Taiwan Opens Fire After China Fails to Heed 'Strong' Warning
Tiny Taiwan defied massive China on Tuesday by firing warning shots at a Chinese drone that flew above an offshore island of that’s part of the embattled democracy.
The incident marked the first time Taiwan has responded to the barrage of military drills and provocations that have marked the aftermath of House Speaker Nancy Pelosi’s visit to Taiwan earlier this month, according to Reuters.
The drone, which was among a group of three buzzing the island, turned back toward China after the shots were fired. According to CNN, flares were fired at the drones before the live rounds.
President Tsai Ing-wen said Taiwan’s military will take “strong countermeasures” against what she termed Chinese provocations, Reuters reported.
Tsai criticized China for its war games and drills that surrounded the island after Pelosi visited.
“I want to tell everyone that the more the enemy provokes, the more calm we must be,” Tsai told naval officers, according to Reuters. “We will not provoke disputes, and we will exercise self-restraint, but it does not mean that we will not counter.”
China’s Foreign Ministry spokesman Zhao Lijian scoffed at the incident, hewing to the Chinese Communist Party’s line that Taiwan – where the Nationalist government fled after losing a civil war in 1949 — belongs to the Beijing government.
“Chinese drones flying over China’s territory, what’s there to be surprised at?” Zhao said, according to the BBC.
“Firstly, I need to tell you Taiwan is a province of China, it has no so-called defense ministry. The Taiwan authorities are playing up their nervousness, this is meaningless,” he said, according to Reuters.
Taiwan fired back hot words, with a sound bite from Taiwan’s Foreign Ministry saying “uninvited people are called thieves,” according to Reuters.
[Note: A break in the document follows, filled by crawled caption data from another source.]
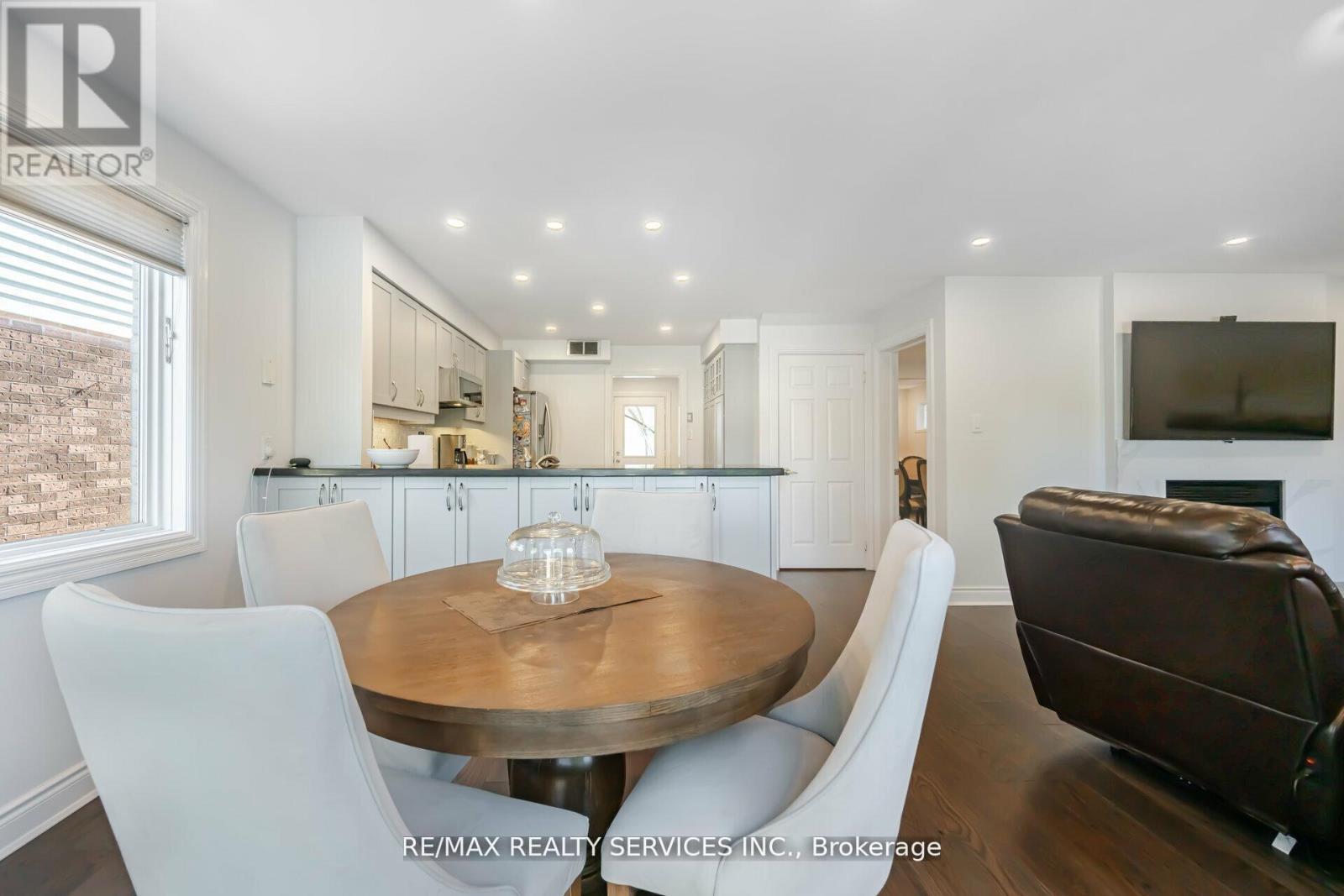 5749 Greensboro Drive, Mississauga, Ontario  L5M 5T8 - Photo 10 - W12487158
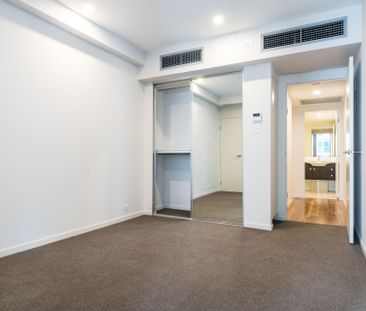 East Perth - Photo 5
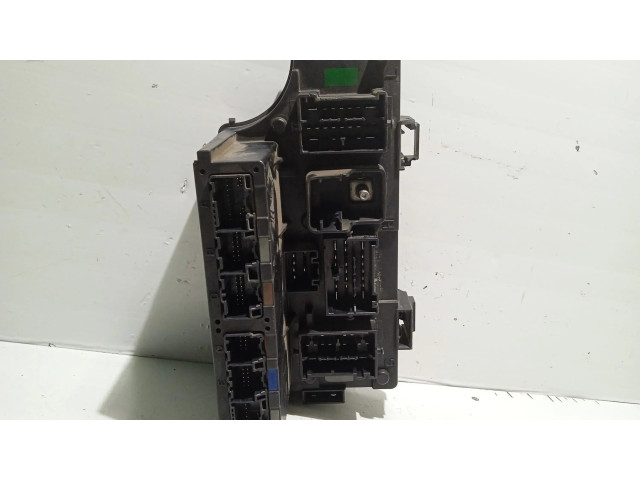 Pojistková skříňka Řídící jednotka BSM P04692207AE, 5KG1F6L2 Dodge Caliber 2007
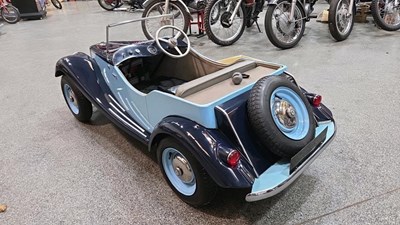 Lot 5 - MG TF SCALE BATTERY POWERED RIDE ON CAR WITH TRAILER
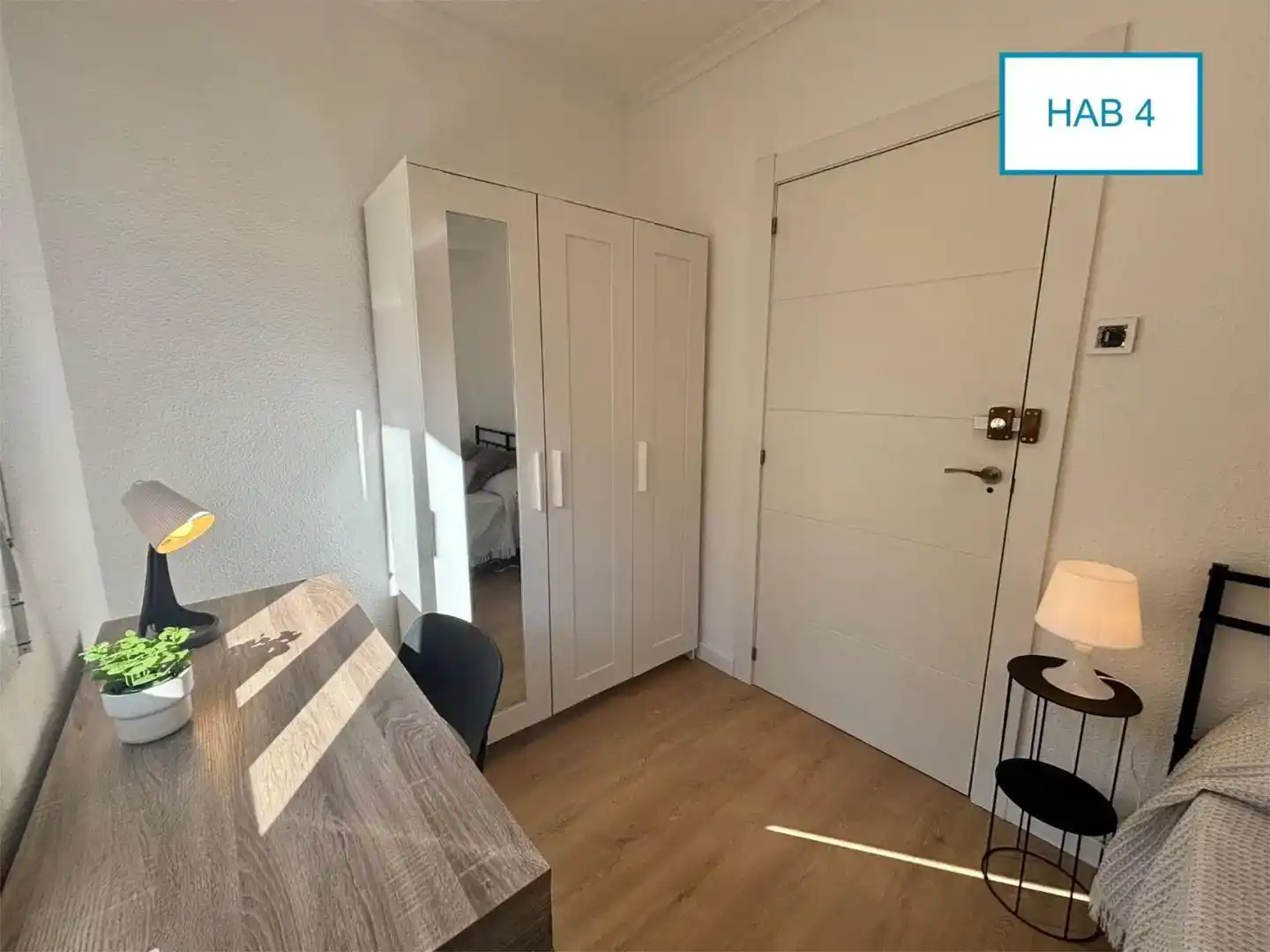 Schlafzimmer von Wohnung zur Miete in Alicante / Alacant mit Klimaanlage und Balkon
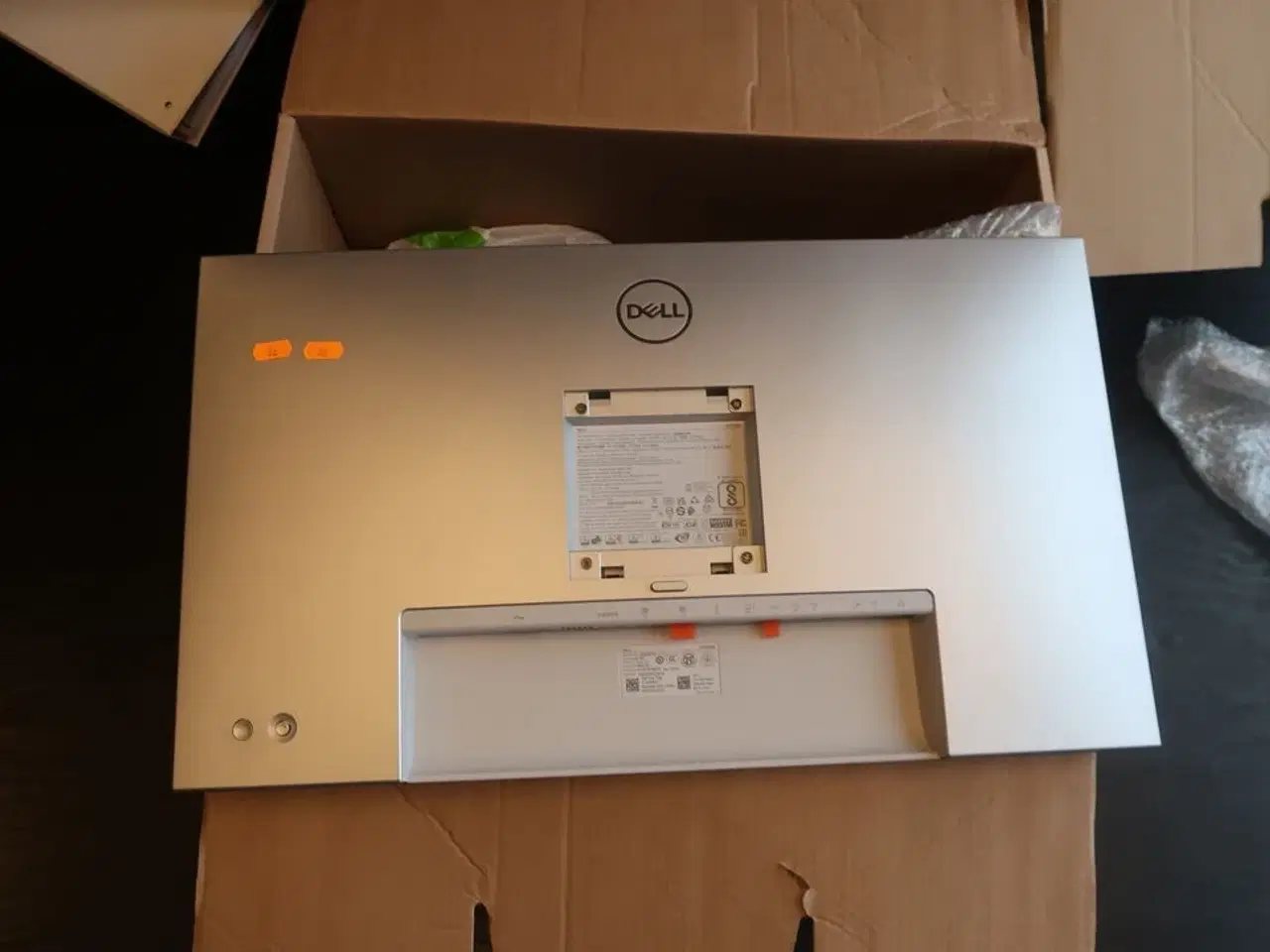 Billede 3 - Skærm 27" DELL U2724DE m. fod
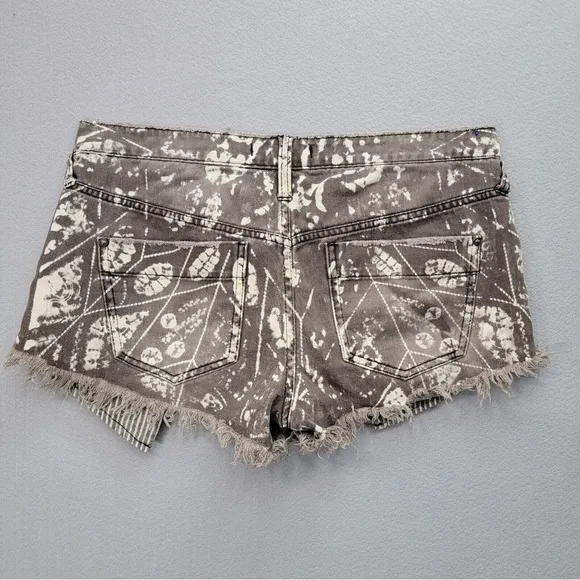 Free People Bali Tie Dye Acid Wash Raw Hem Short Denim Shorts w Stripe Pockets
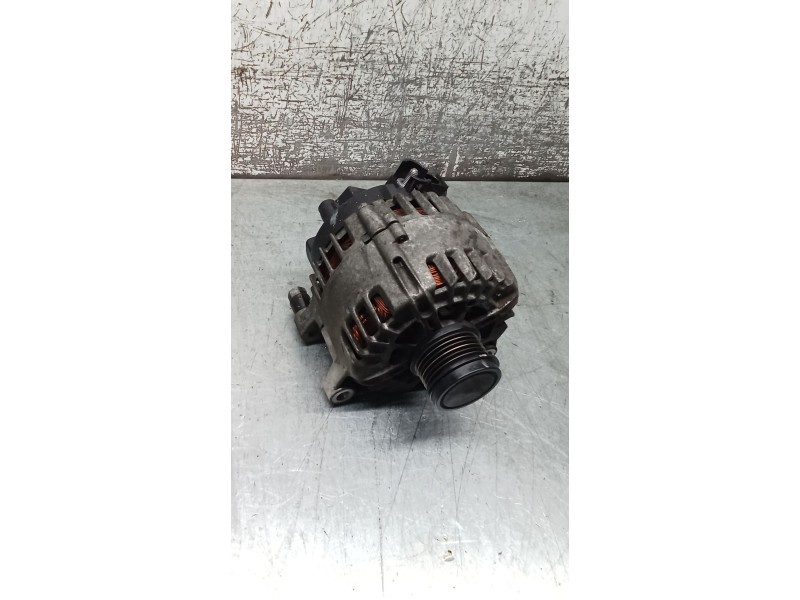 Recambio de alternador para ford focus iii turnier 1.6 tdci referencia OEM IAM AV6N10300GC 2612673B 30659390 150A 11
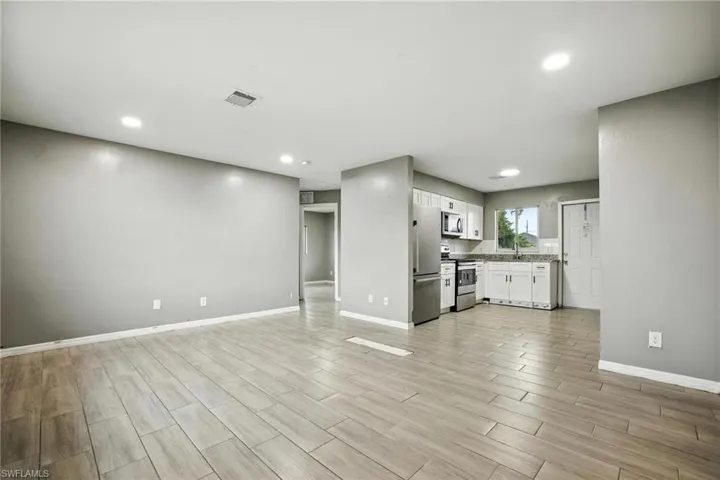 125/127 Gordon Ave S, Lehigh Acres, Florida 33973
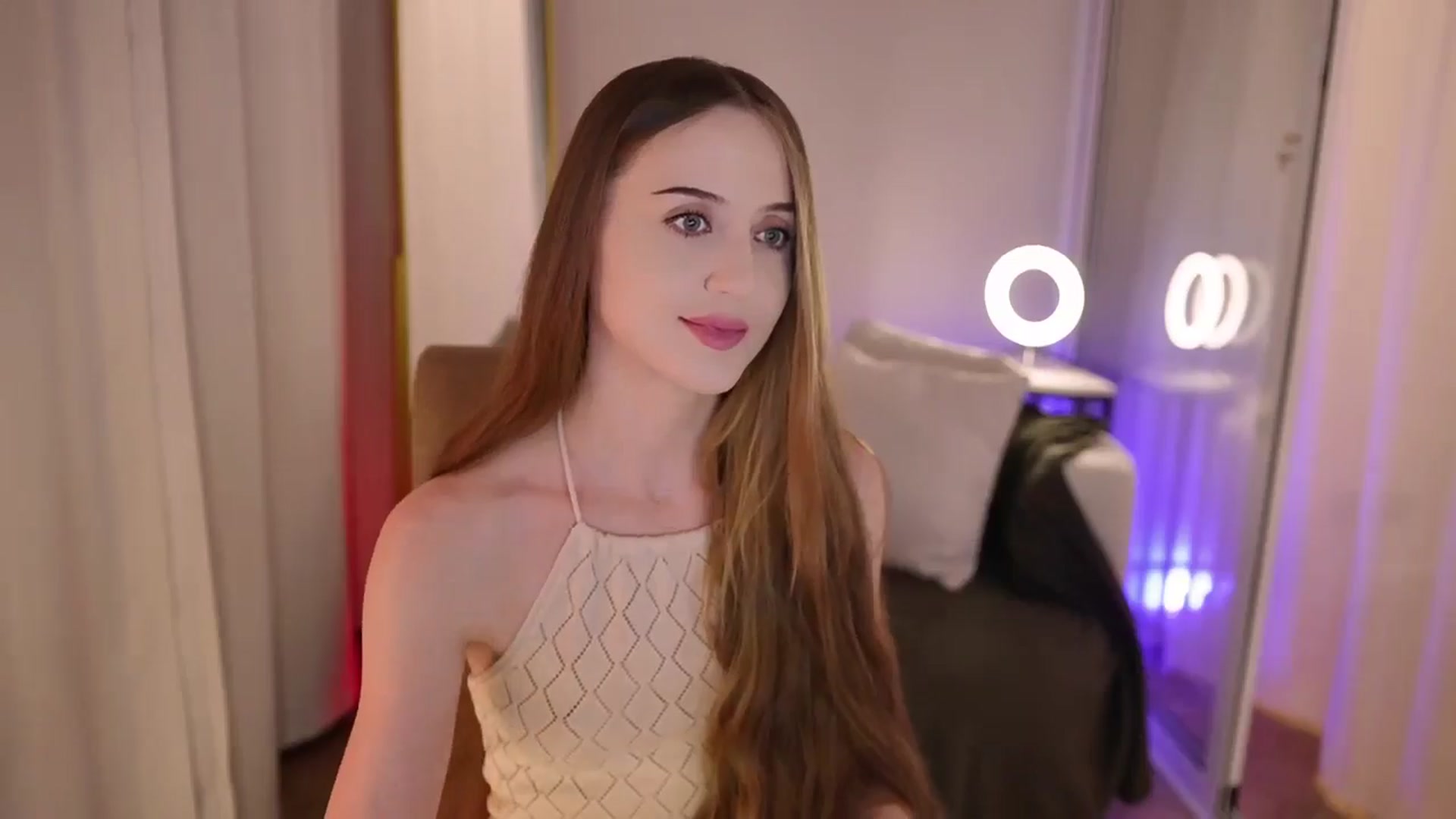 Gallery image thumbnail from Innocent_Soul's myfreecams stream on, 09/05/2025, 20:05 image 2 of 20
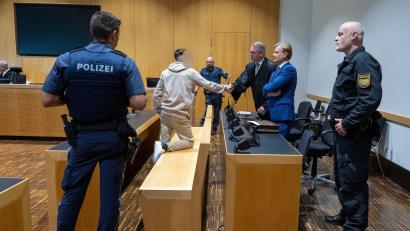 Bild: Stefan Puchner/dpa
Mitte Juni wurde eine 30-Jähriger wegen Mordes an einer dreifachen Mutter verurteilt. Nun gibt es eine weitere Festnahme in dem Fall. (Archivbild)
Taiwan Defense Minister Chiu Kuo-cheng said Taiwan will be guided by its need for self-defense.
“Don’t make a fuss then when I set off some firecrackers to scare away some sparrows,” he said, according to Reuters.
Pelosi’s Aug. 2 visit to Taiwan sparked an international uproar, with the Beijing regime making its displeasure known that such a high-ranking American official was making an implicit gesture of support for the Taipei government.
Since then, other American lawmakers have also visited Taiwan.
On Monday, National Security Council spokesman John Kirby said China is trying to “turn up the temperature” so that military tensions in the Taiwan Strait become a “new normal.”
“We’ve said publicly we’re not going to accept it,” Kirby said, according to Voice of America.
U.S. warships routinely said through the strait, which separates China and Taiwan. Most recently, two guided missile cruisers sailed through the strait on Sunday, according to CNN.